The infirmary is a very sterile green, and leaves lots of room for aesthetic touch. Just a narrow corridor of thin paper curtains filled with metal beds... Dreamthief concentrates. Channels one of his gifts... A translucent, dirtied window starts to crack. The curtains' gentle swaying stops completely... a few noses start to bleed. Pressure is rising... good, good... almost... A few other patients heads crack open and cave in... medics flee, clutching bleeding ears, and the crowd is gone. He lets go and lightens the Pressure Field, sitting up in bed. The room looks a lot nicer when it's in ruins.

Now to take care of these limbs. Must have been that shock of pain, making me let my guard down and then I was snagged by some crossfire, perhaps? Maybe a Benefactor took my limb to offer another wounded soldier? Who knows... war is an weird thing to be in. Twilit sparks flashing in his remaining hand, as he recrafts himself an arm. This time he'll build it to last... there. The scars fade away, and, brushing a pressure-crushed remain of an employee aside with his foot, looks in the mirror. Good as new. Now what next...

Realizing he'd left all of his recipients on the field of battle, the same way one realizes they're naked, he walks briskly out back into the salvo of good and evil to take back all his gifts he'd thrown among the Patians. A wandering shade of grey amongst the harsh black and white battlefield of the soul
.

Sunday, September 13, 2009

OVERTURE to Nocturn (Part Nine)

Weapon was finding ways of keeping himself occupied on the road. On the leash tied to Roderick wsan't very entertaining. He was only let off the leash when the Benefactors come. That isn't fun either.

One thing he did was rub his nose a lot. His bones in there crackled and crinkled, then he'd tilt his head back and sniff. The dust in the desert smelled funnier that way.

Now he's jumping from sunny-patch to sunny-patch , making sure he never douches the shadows Roderick refuses to play any games with him. Just keeps pulling alone, and Weapon keeps hopping and rubbing his nose.

Sucking the water your mouth makes is another thing to do on the road. Then when your head goes back to smell the funny-dust you breathe out real hard and it sounds like blowing bubbles, so much that--

"Alright, enough!" Shouts Roderick, pulling the creature foward on his leash. "You're driving me insane, Vermin!"

Vermin sulked his way on, wondering why anybody ever called this officer a roderick or what that meant.
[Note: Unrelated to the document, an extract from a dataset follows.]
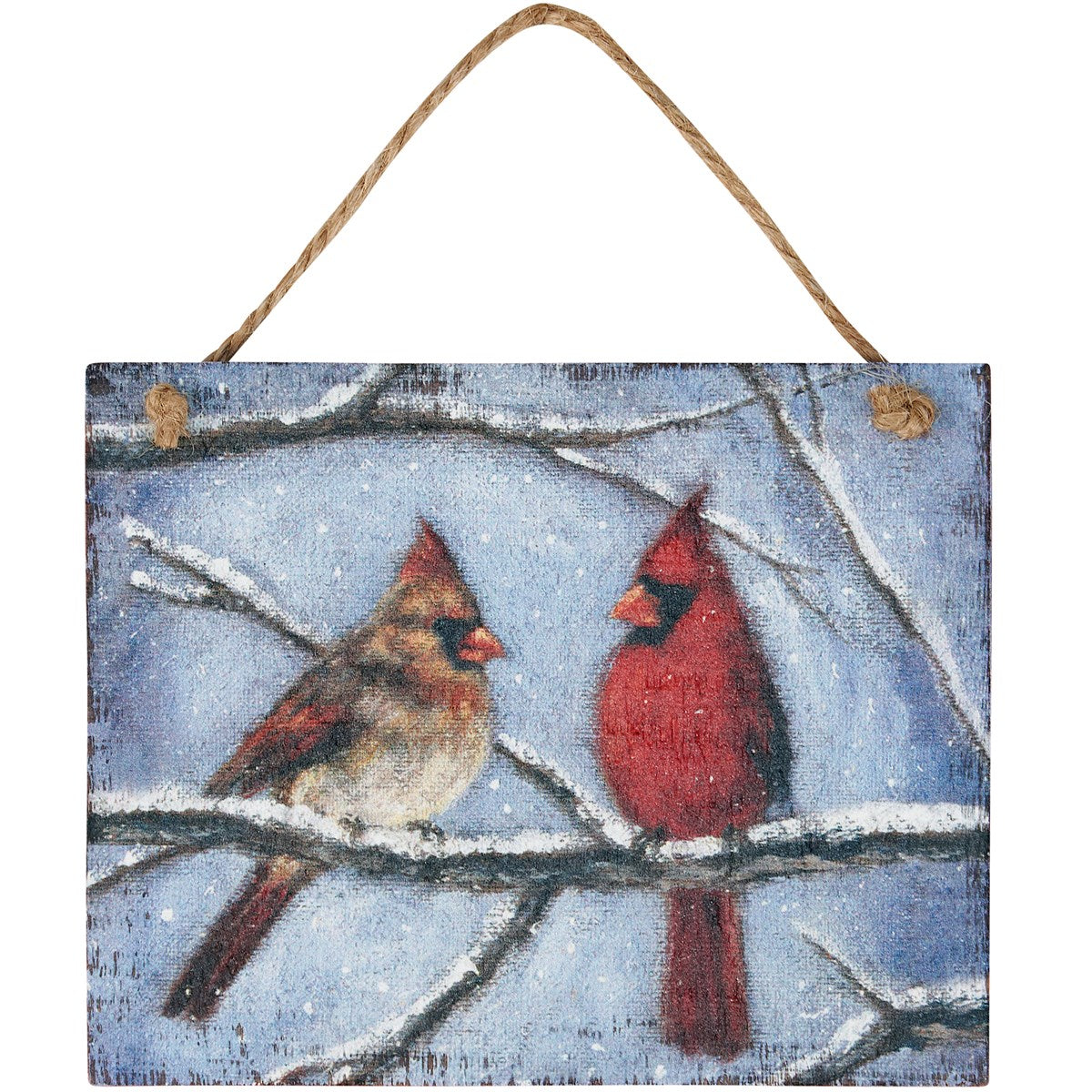 Cardinal Couple Christmas Ornament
This was a very long walk indeed.

Tuesday, August 25, 2009

OVERTURE to Nocturn (Part Eight)

Four miracles happen today.

The first miracle, today, is that Damian is still alive. The cancerous blithe that wracks his body makes him resemble a bleached corpse, with sunken eyes of faded jade. When he reaches his hand out to someone from his bed, it is to say one last goodbye.

The second miracle, today, is that Damian's wife, Charlotte, is still beautiful. She shares her partner's onerous malady, but the light of her soul could feed the candle-flame of her life a few more weeks (perhaps). Nobody lets themself remember that it has always been her husband's smile that made that light shine. When she reaches out to someone from her bed, it is to reach out for one final life to touch.
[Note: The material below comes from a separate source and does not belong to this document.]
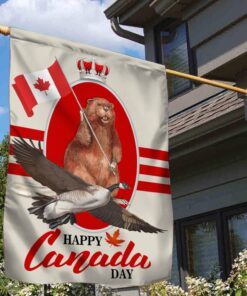 canada flag happy canada day beaver and goose bnn155f 5465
The third miracle today is that Leah came home. She came home with a smile that beamed hope and poured sorrow, on this golden-sun morning in the city. When she reaches her hand out to someone from her bed, it is to grab the hand that can pull her out of hell.
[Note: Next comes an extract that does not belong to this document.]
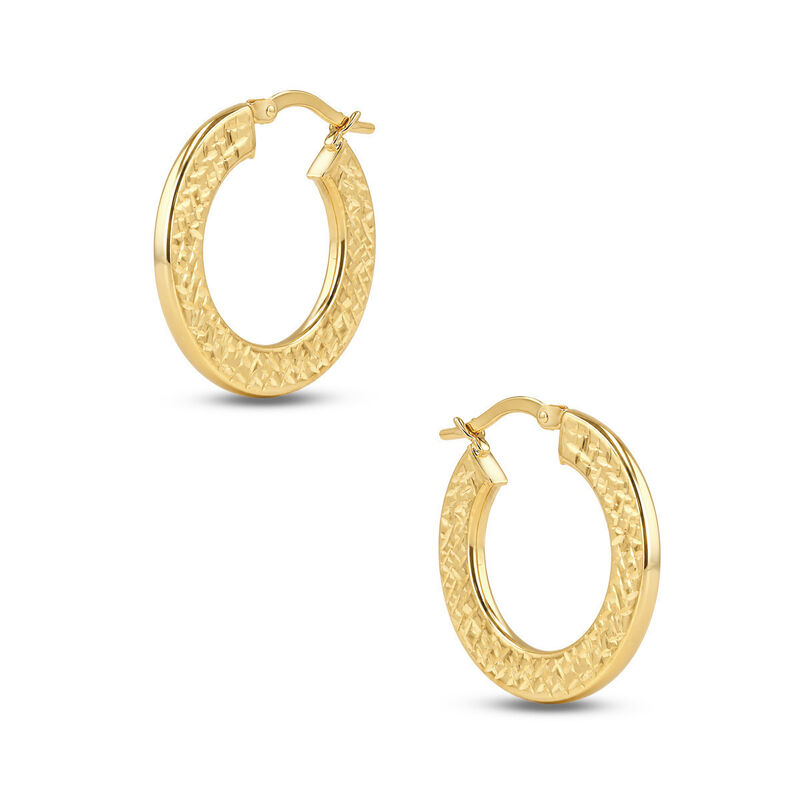 Arracadas Oro 10k Diamantado 15mm | Encanto Fin... image number null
The fourth miracle is why I tell you this tale of what has happened today, in the golden-sun morning in the city. The hospice workers open the knocking door and let in a most peculiar, most haunting woman. She disregards their questions, and enters the apartment's living room. Gaunt Damian's face gets blotchy with excitement, and flustered, weakly stammers, "They say she needs her rest, I need Charlotte, they say she needs rest not me", as Leah is taking his outstretched hand.

Minutes later, the gold sun is covered in cloud, making Charlotte's room take on a shade that would threaten rain. She hears commotion from the hospice people, plus two voices that sound strangely familiar, but this means only one thing, and that is death. Damian is gone. She leans back in the bed, and the beautiful creature prepares to die, eyes closed, hand reaching out for one final life to touch: an angel's.

Darkness falls.

Life's termination brings the strangest dreams, the dream that an angel takes her hand, though Charlotte knows her hand must be cold and level on her breast. That angel is Leah, and behind her is Damian's soul, shining in the golden-sun morning in the city. It will be only a little time before she realizes this is no dream, and this is no death.

Perhaps there was a fifth miracle today, and that is the beautiful flock of birds, in every flying variety and every colour, flying through New York. They circle around one apartment complex, then fly off towards the golden sun; the golden-sun morning in the city.

...

Tomorrow there will be an identical flock in Patia, gathering in a desert maze. They will land all around a solitary man who's eyes refuse to close as the night brings on an orchestra of memories and prophecies in the open sky. The earth is his bed. When Dreamthief reaches out to someone from that bed, it is to give or to recieve, to create or to destroy. Tomorrow will be a beautiful morning in those lands... a golden-sun morning. But you already knew that, didn't you?

Monday, August 24, 2009

OVERTURE to Nocturn (Part Seven)

Castles of casualties line gutters, no higher than to the top of a combat boot, yellow lights in reflections of the puddles of a cobblestone cityway at night.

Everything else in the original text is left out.